What is it, Qurom Journal Manager, based on Paxos (message passing-based consistency algorithm). This algorithm is difficult to understand, to put it simply, the Paxos algorithm is to solve how to agree on a certain value in a distributed environment. (a typical scenario is that in a distributed database system, if the initial state of each node is the same and each node performs the same sequence of operations, then they can finally get a consistent state. To ensure that each node executes the same sequence of commands, a "consistency algorithm" needs to be performed on each instruction to ensure that the instructions seen by each node are consistent)

Figure 3 QJM architecture

How to realize

(1) after initialization, Active writes the editlog log to JN on 2N+1, and each editlog has a number. Each time editlog is written, it will be recognized as successful as long as most of the JN returns success (that is, greater than or equal to JN 1).

(2) Standby periodically reads a batch of editlog from JN and applies it to FsImage in memory.

(3) how to fencing: every time NameNode writes Editlog, it needs to pass a number Epoch to JN,JN to compare with Epoch. If it is larger or the same than the Epoch saved by yourself, you can write, and JN updates its Epoch to the latest, otherwise it refuses the operation. During the switch, when Standby is converted to Active, the Epoch+1 is converted, which prevents the previous NameNode from failing even if it writes logs to JN.

(4) write a log:

(a) NN writes Editlog asynchronously to N JN via RPC. If one is successful, the write is successful.

(B) the JN that fails to write will not be written again until the scrolling log operation is called. If the JN returns to normal at this time, log will continue to be written to it.

(C) each editlog has a number txid,NN to write the log to ensure that the txid is continuous. When receiving the write log, JN will check whether the txid is continuous with the last time, otherwise the write fails.

(5) read the log:

(a) iterate through all the JN periodically to get the undigested editlog, sorted by txid.

(B) digest editlog according to txid.

(6) Log recovery mechanism when switching

(a) triggered when master-slave switching occurs

(B) to prepare for prepareRecovery, standby sends a RPC request to JN, obtains txid information, and selects the best JN.

(d) Finalized log.
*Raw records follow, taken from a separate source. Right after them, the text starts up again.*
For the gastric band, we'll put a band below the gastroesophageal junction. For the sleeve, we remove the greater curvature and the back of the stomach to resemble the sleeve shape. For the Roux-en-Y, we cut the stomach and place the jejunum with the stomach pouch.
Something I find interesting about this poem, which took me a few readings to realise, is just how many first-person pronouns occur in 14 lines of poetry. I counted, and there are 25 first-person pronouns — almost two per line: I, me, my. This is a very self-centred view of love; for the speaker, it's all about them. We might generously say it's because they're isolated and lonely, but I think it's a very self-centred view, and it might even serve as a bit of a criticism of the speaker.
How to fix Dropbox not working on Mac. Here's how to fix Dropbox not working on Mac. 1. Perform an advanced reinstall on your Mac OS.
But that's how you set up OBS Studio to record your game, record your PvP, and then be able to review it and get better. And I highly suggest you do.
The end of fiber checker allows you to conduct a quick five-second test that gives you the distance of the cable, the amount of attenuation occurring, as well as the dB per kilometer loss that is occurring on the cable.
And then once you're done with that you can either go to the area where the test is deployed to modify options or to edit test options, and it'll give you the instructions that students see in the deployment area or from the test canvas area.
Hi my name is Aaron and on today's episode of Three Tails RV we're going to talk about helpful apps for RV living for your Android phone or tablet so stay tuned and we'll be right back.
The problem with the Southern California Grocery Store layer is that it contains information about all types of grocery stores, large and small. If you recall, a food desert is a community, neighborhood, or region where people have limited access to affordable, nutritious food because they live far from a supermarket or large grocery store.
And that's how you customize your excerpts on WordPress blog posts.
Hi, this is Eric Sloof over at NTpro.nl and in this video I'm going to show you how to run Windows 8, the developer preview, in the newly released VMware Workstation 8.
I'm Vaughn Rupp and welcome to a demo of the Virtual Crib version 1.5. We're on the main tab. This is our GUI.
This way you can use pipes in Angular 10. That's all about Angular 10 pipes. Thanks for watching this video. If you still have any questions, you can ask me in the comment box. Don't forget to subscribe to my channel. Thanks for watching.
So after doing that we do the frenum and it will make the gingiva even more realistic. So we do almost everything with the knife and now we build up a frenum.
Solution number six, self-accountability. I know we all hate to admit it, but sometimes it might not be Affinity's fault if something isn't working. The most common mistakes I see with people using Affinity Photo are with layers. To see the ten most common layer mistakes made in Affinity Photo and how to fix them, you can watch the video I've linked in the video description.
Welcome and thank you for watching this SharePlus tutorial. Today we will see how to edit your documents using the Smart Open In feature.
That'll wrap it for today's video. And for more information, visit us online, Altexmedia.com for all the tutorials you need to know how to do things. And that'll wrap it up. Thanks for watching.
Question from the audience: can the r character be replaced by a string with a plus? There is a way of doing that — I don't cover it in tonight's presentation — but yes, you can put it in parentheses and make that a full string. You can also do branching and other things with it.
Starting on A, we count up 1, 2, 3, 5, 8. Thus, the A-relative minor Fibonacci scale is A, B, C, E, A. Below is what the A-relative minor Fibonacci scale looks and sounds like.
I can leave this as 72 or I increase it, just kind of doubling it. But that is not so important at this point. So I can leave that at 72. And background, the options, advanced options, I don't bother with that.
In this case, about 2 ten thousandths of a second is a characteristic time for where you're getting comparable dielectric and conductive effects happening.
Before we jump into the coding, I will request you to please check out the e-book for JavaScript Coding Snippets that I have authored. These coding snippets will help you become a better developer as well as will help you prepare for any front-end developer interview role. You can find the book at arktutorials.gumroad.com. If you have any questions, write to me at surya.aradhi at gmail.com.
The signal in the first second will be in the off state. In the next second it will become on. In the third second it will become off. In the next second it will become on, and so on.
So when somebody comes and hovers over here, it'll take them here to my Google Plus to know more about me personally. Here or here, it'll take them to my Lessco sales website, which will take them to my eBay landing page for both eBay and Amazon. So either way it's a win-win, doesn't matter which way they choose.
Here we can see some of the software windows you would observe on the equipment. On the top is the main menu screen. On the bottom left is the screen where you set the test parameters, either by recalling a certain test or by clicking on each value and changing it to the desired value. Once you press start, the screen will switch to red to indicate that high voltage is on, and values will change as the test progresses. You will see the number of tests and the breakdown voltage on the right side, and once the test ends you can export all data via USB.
That is, when the current editlog output stream is closed or when the log is scrolled.

(e) Standby synchronizes editlog to the latest

7) how to choose the best JN

(a) those with Finalized do not need in-progress

(B) the need for multiple Finalized to determine whether the txid is equal

(d) if Epoch is the same, choose the one with large txid.

Is it helpful for you to read the above content? If you want to know more about the relevant knowledge or read more related articles, please follow the industry information channel, thank you for your support.

Welcome to subscribe "Shulou Technology Information " to get latest news, interesting things and hot topics in the IT industry, and controls the hottest and latest Internet news, technology news and IT industry trends.

*The comments in the above article only represent the author's personal views and do not represent the views and positions of this website. If you have more insights, please feel free to contribute and share.